What you will do: In the listing below, start your output at the line with "Kate Spade K9398" and end it after the line with "Men Retro M65", copying every line exactly.

Data records:

....................

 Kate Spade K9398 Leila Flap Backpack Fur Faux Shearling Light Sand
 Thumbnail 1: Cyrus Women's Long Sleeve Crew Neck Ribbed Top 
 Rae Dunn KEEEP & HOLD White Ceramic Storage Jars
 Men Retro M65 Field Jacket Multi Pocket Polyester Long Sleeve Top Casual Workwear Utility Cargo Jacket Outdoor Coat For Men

....................

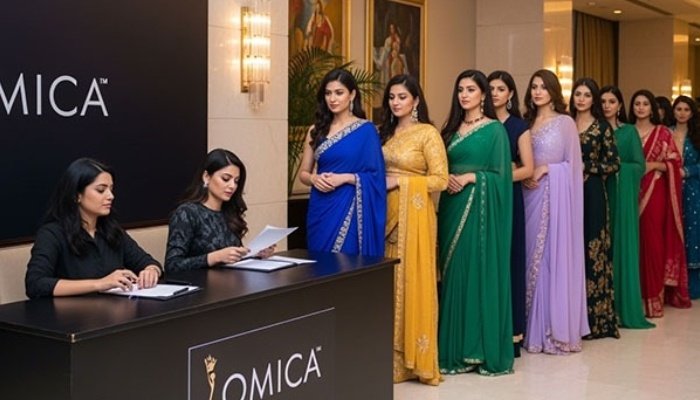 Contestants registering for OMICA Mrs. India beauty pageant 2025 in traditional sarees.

....................

Solved problem:
 Kate Spade K9398 Leila Flap Backpack Fur Faux Shearling Light Sand
 Thumbnail 1: Cyrus Women's Long Sleeve Crew Neck Ribbed Top 
 Rae Dunn KEEEP & HOLD White Ceramic Storage Jars
 Men Retro M65 Field Jacket Multi Pocket Polyester Long Sleeve Top Casual Workwear Utility Cargo Jacket Outdoor Coat For Men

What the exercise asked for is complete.